══ SUPPLIED MATERIAL

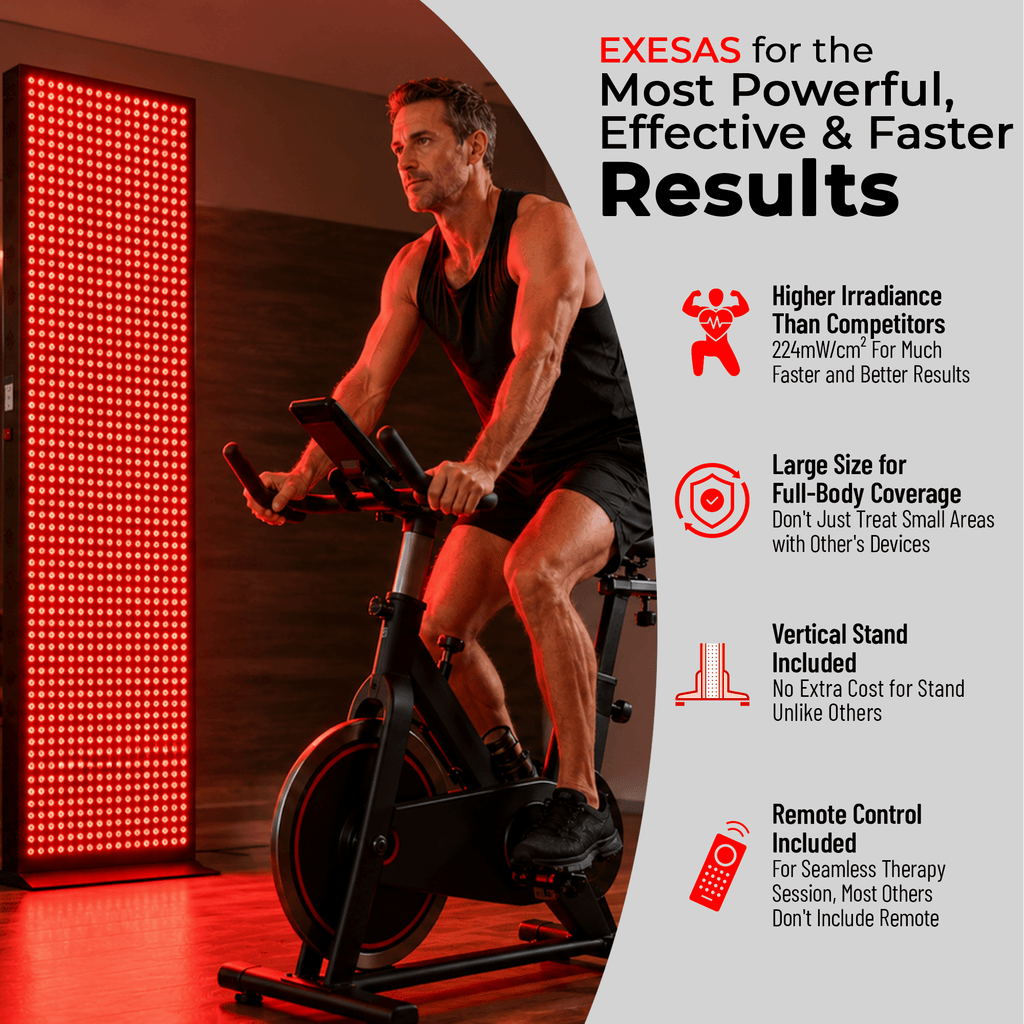 EXESAS 1216 LED, 6080W Dual-Chip Red Light Therapy Device Full Body Panel - Refined Wellness Products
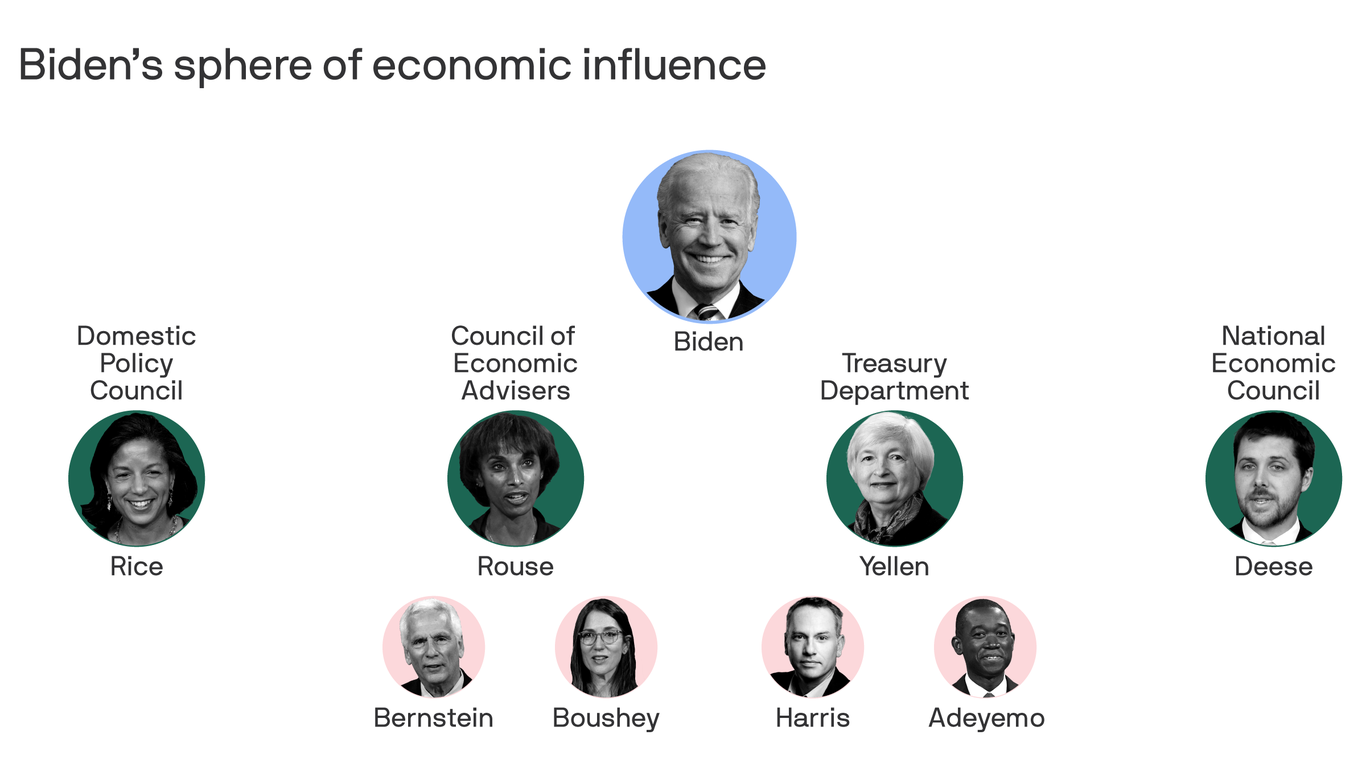 Biden's economic power players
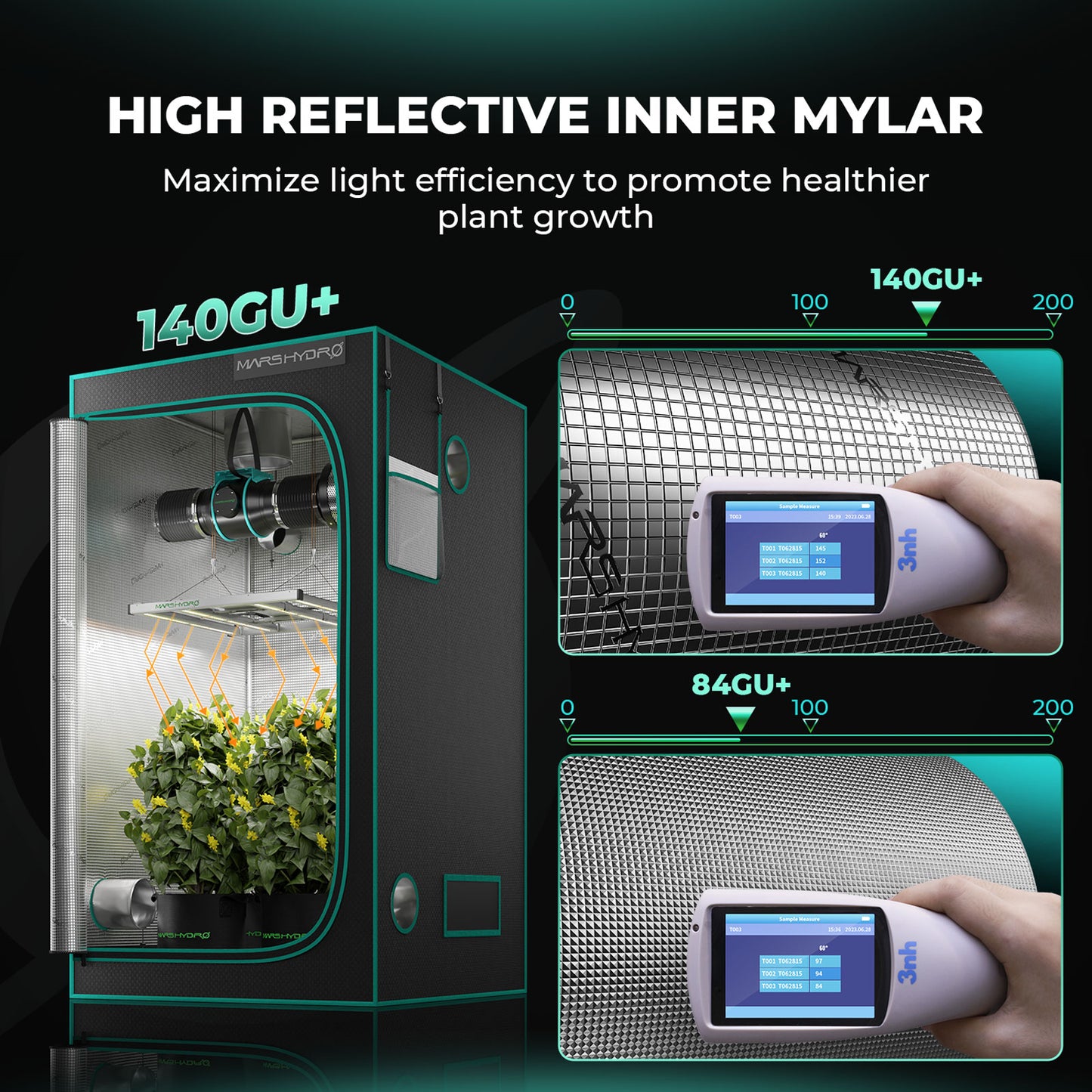 Mars Hydro FC4800 EVO Complete Grow Tent Kit – 480W Samsung LED + 120 × 120 cm Tent + 6″ Ventilation System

════

EXERCISE> Repeat the data above exactly, but not the pictures.

RESULT OF THE EXERCISE>
 EXESAS 1216 LED, 6080W Dual-Chip Red Light Therapy Device Full Body Panel - Refined Wellness Products
 Biden's economic power players
 Mars Hydro FC4800 EVO Complete Grow Tent Kit – 480W Samsung LED + 120 × 120 cm Tent + 6″ Ventilation System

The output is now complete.